WORK ITEM: A faithful transcription of all the data, images excluded, is the required answer.
Segment Start: GIVEN INFORMATION
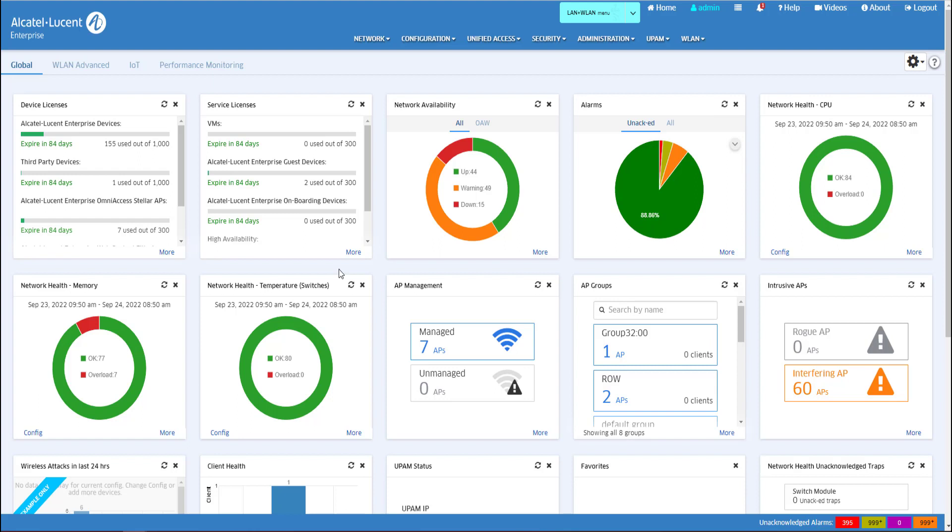Guest accounts can be created by the OmniVista administrator or a guest operator, such as the front desk operator.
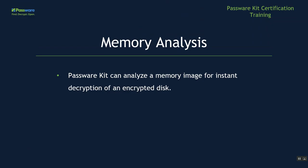Next, let's talk about memory analysis. PasswordKit can analyze a memory image for an instant decryption of an encrypted disk.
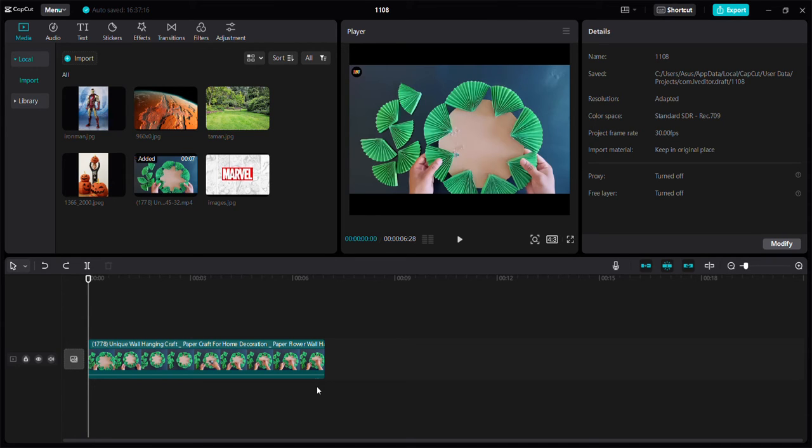Before going to the tutorial, please click subscribe button and you can also click notification bell so you can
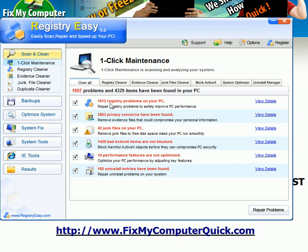These are 1,512 registry problems, 2,853 privacy concerns, 42 junk files, 1,420 bad ActiveX items, performance issues, and uninstall entries. It removed them all.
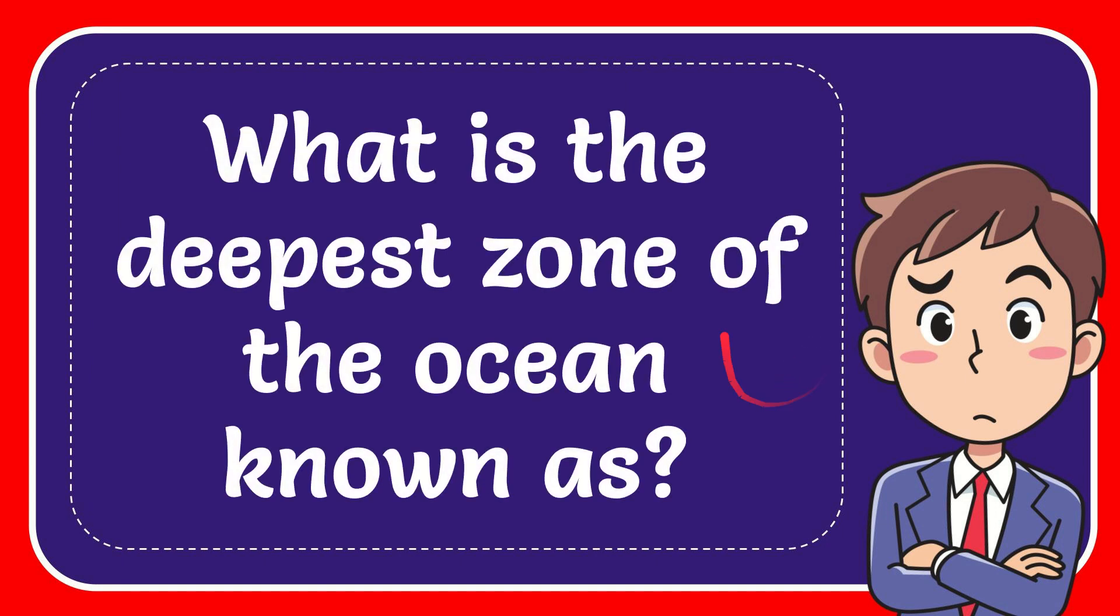In this video I'm going to give you the answer to this question. The question is, what is the deepest zone of the ocean known as?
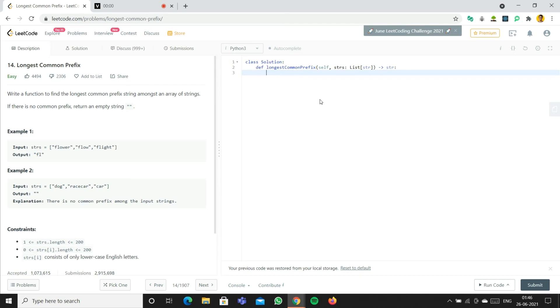Today we're going to solve the problem 'Longest Common Prefix.' The question is: write a function to find the longest common prefix string amongst an array of strings. If there is no common prefix, return an empty string.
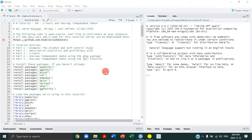Welcome everybody to tutorial number nine of this R-Tutorials series. Today we're going to be reviewing t-tests and one-way independent ANOVAs. We've got a lot of new content to cover, so let's get right into it.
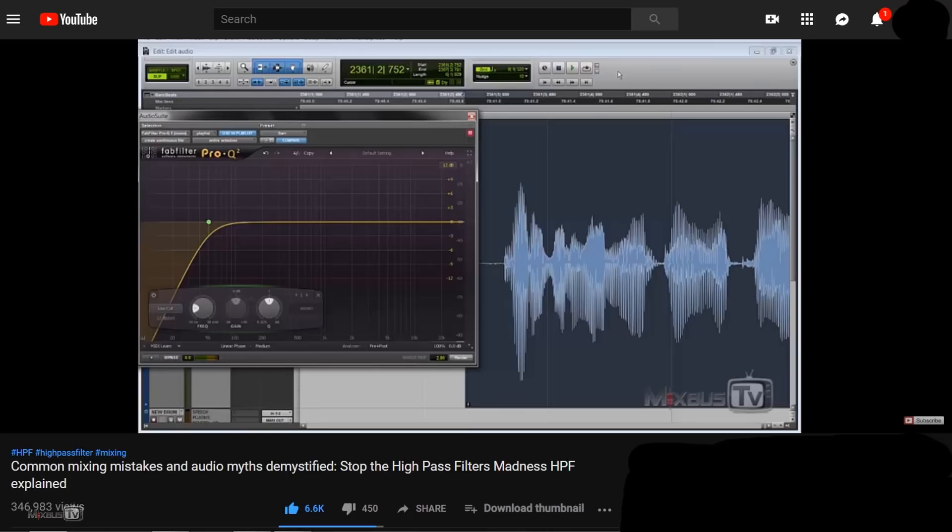Hello everyone, welcome back to MixBuzz TV. David here, hope you're having a great day. I'm sure you're familiar with our most popular video, 'Stop the HPF Madness' — it's got almost 350,000 views. In this video I want to summarize and clarify a couple of points that few people seem to misinterpret, and reply to questions about a subject that keeps popping up in the comments: asymmetrical waveforms and DC offset.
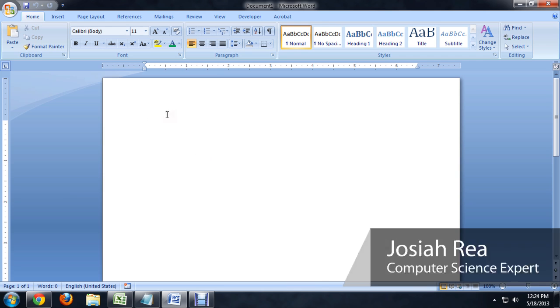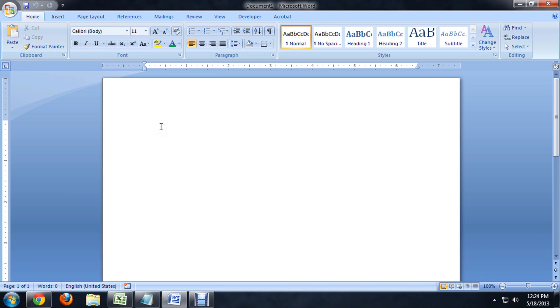So, here we are in Word, and there's a little code that we're going to put in. It's 20B1. And this is the code for the symbol of the peso sign.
Segment End: GIVEN INFORMATION
ANSWER BOX:
Guest accounts can be created by the OmniVista administrator or a guest operator, such as the front desk operator.
Next, let's talk about memory analysis. PasswordKit can analyze a memory image for an instant decryption of an encrypted disk.
Before going to the tutorial, please click subscribe button and you can also click notification bell so you can
These are 1,512 registry problems, 2,853 privacy concerns, 42 junk files, 1,420 bad ActiveX items, performance issues, and uninstall entries. It removed them all.
In this video I'm going to give you the answer to this question. The question is, what is the deepest zone of the ocean known as?
Today we're going to solve the problem 'Longest Common Prefix.' The question is: write a function to find the longest common prefix string amongst an array of strings. If there is no common prefix, return an empty string.
Welcome everybody to tutorial number nine of this R-Tutorials series. Today we're going to be reviewing t-tests and one-way independent ANOVAs. We've got a lot of new content to cover, so let's get right into it.
Hello everyone, welcome back to MixBuzz TV. David here, hope you're having a great day. I'm sure you're familiar with our most popular video, 'Stop the HPF Madness' — it's got almost 350,000 views. In this video I want to summarize and clarify a couple of points that few people seem to misinterpret, and reply to questions about a subject that keeps popping up in the comments: asymmetrical waveforms and DC offset.
So, here we are in Word, and there's a little code that we're going to put in. It's 20B1. And this is the code for the symbol of the peso sign.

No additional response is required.